■ Data section ■

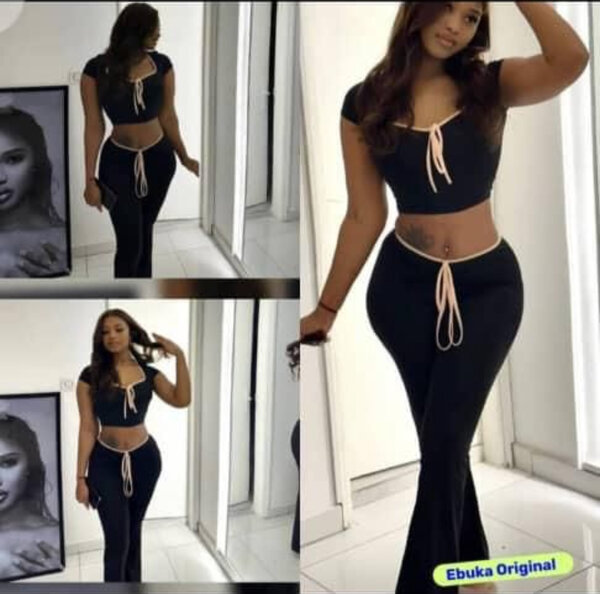 Ensemble Noir Taille Haute Femme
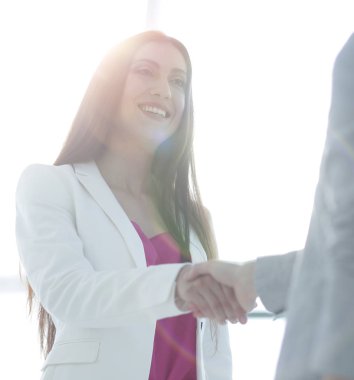 el sıkışma, iş kadını ve istemci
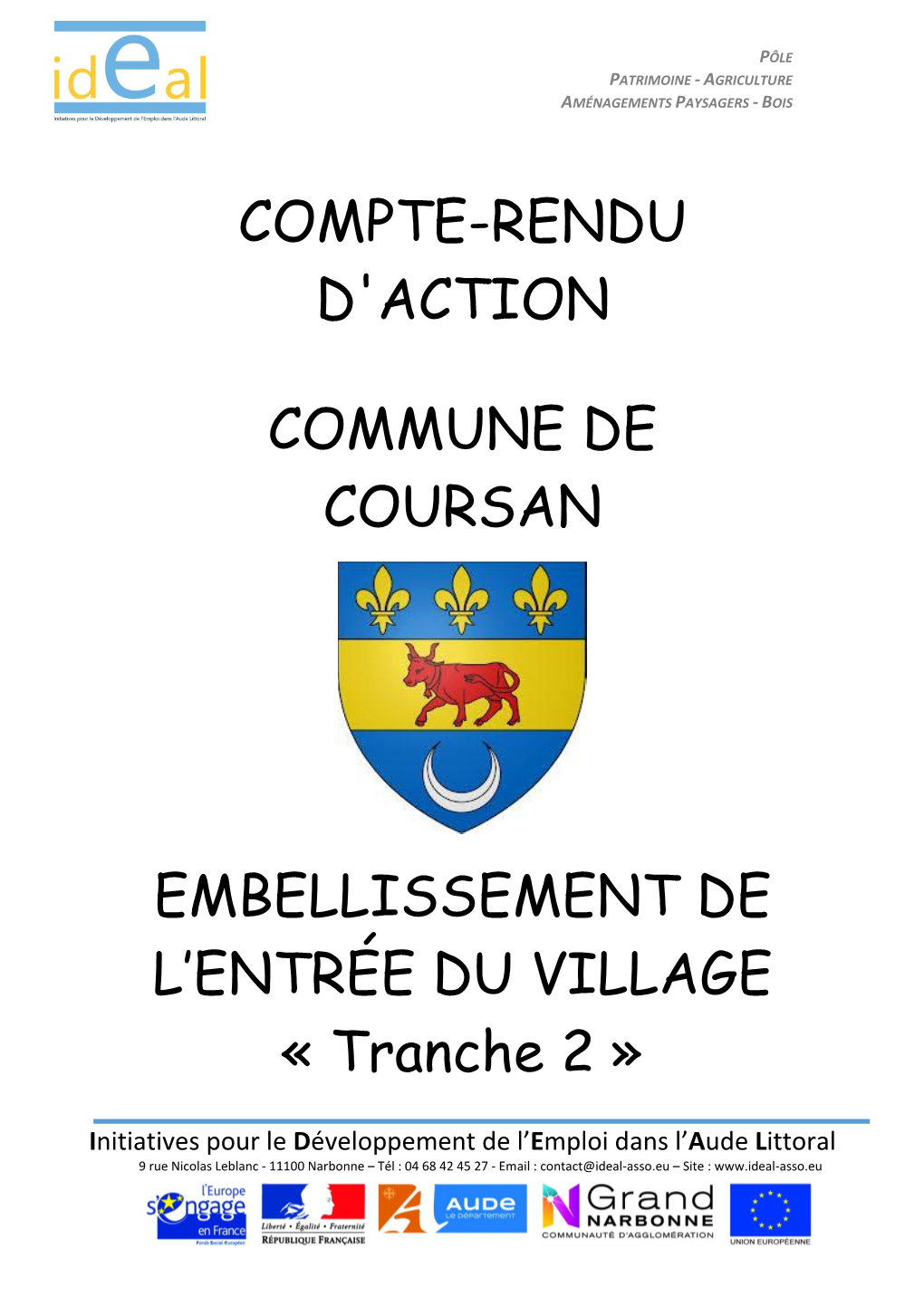 Compte-Rendu D'action Commune De Coursan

■ Instructions to follow ■
All of the material above must be given again verbatim, except for the pictures.

■ Exercise answer ■
 Ensemble Noir Taille Haute Femme
 el sıkışma, iş kadını ve istemci
 Compte-Rendu D'action Commune De Coursan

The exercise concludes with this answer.